Whodunit sur la lagune
Agatha Christie - Kenneth Branagh devant et derrière la caméra – Michael Green à l’adaptation, on ne change pas une équipe qui gagne. C’est donc leur 3ème partenariat, avec ces 104 minutes dans la lignée des précédents, même si cet opus tire nettement plus vers l’épouvante et le surnaturel. Poirot reçoit chez lui une vieille amie, Ariadne Oliver, plus grande écrivaine de romans policiers au monde, qui lui assure que le motif de sa visite n’a aucun rapport avec un crime : elle souhaiterait qu’il l’accompagne à une séance de spiritisme et lui permette de prouver qu’il s’agit d’une imposture. Intrigué, Poirot accepte à contrecœur d’y assister et se retrouve alors dans un palais décrépi et soi-disant hanté, appartenant à la célèbre cantatrice Rowena Drake … Quand on sait que celle qu’on surnomme la Reine du crime a, durant ses 50 ans de carrière, signé 66 romans policiers, 150 nouvelles et plus de 20 pièces de théâtre, qui se sont vendus à deux milliards d’exemplaires - seule la Bible et William Shakespeare ont fait mieux ! -, on se dit que Branagh n’a pas fini de nous amuser, de nous passionner… ou de nous ennuyer – selon les goûts – avec ses polars d’un autre temps, mais qui, sous ses airs surannés, fonctionnent toujours aussi bien.

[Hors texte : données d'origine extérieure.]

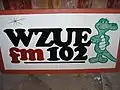 Photo of WZUE logo on a billboard, branded as "Zoo 102"
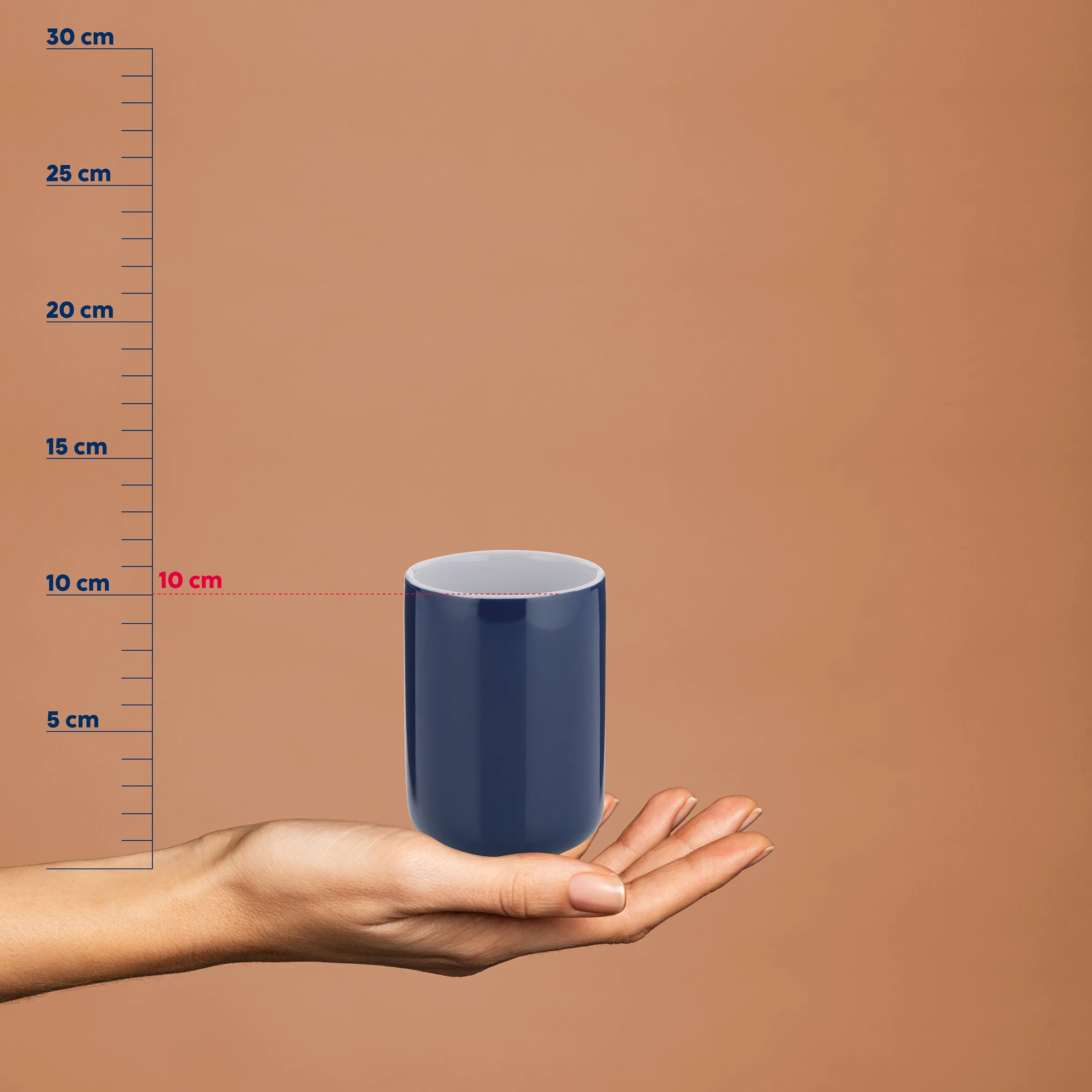 Dunkelblaue Keramiktasse mit 10 cm Durchmesser in einer Hand vor Größenvergleichsskala bis 30 cm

En réalité, il s’agit ici d’une adaptation très libre de La fête du Potiron - Hallowe'en Party - signé par la « reine du crime » en 1969. On est à Venise, veille de la Toussaint, quelques années après la fin de la Seconde Guerre mondiale. C’est là que vit le célèbre détective, aujourd’hui retraité. Après avoir consacré sa vie à élucider des crimes et avoir été témoin de ce qu’il y a de pire chez l’être humain, il a renoncé à sa vocation d’enquêteur. Et s’il fait tout pour éviter d’être confronté à des affaires criminelles, ce sont souvent elles qui le rattrapent… Un huis-clos, un meurtre, une flopée de coupables réunis pour le meilleur et surtout pour le pire. Sans doute moins d’humour que d’habitude, mais un soin tout particulier apporté aux éclairages, à la photo, aux cadrages, aux effets spéciaux et au montage très rythmé. Le fait d’avoir « exporté » l’intrigue d’un manoir anglais vers un palais vénitien nous offre quelques superbes vues sur la cité des doges. L’intrigue est resserrée sur une seule nuit, respectant ainsi les 3 unités chères à la tragédie classique – temps, lieu, action -. Comme d’habitude, la critique institutionnelle fait la fine bouche sur les « Agatha Christie » de Kenneth Branagh. Et pourtant, si ça ne fait pas dans le génie et la grande nouveauté, ça fonctionne, tient en haleine et distrait autant que faire se peut… Que demander de plus ?
Kenneth Branagh, Tina Fey, Camille Cottin, - qui poursuit son ascension au-delà des frontières hexagonales -, Kelly Reilly, - dont c’est ici le 5ème film à sortir en 2023, c’est vous dire si la dame est demandée -, Michelle Yeoh, Jamie Dornan, Ricardo Sacamarcio, Jude Hill, parmi une distribution pléthorique. Un très beau casting, un climat anxiogène, pour une grande parie de Cluedo qui se révèle sans aucun doute le plus réussi des 3 opus consacré à Agatha Christie. A votre tour d’agiter vos petites cellules grises chères à Hercule Poirot.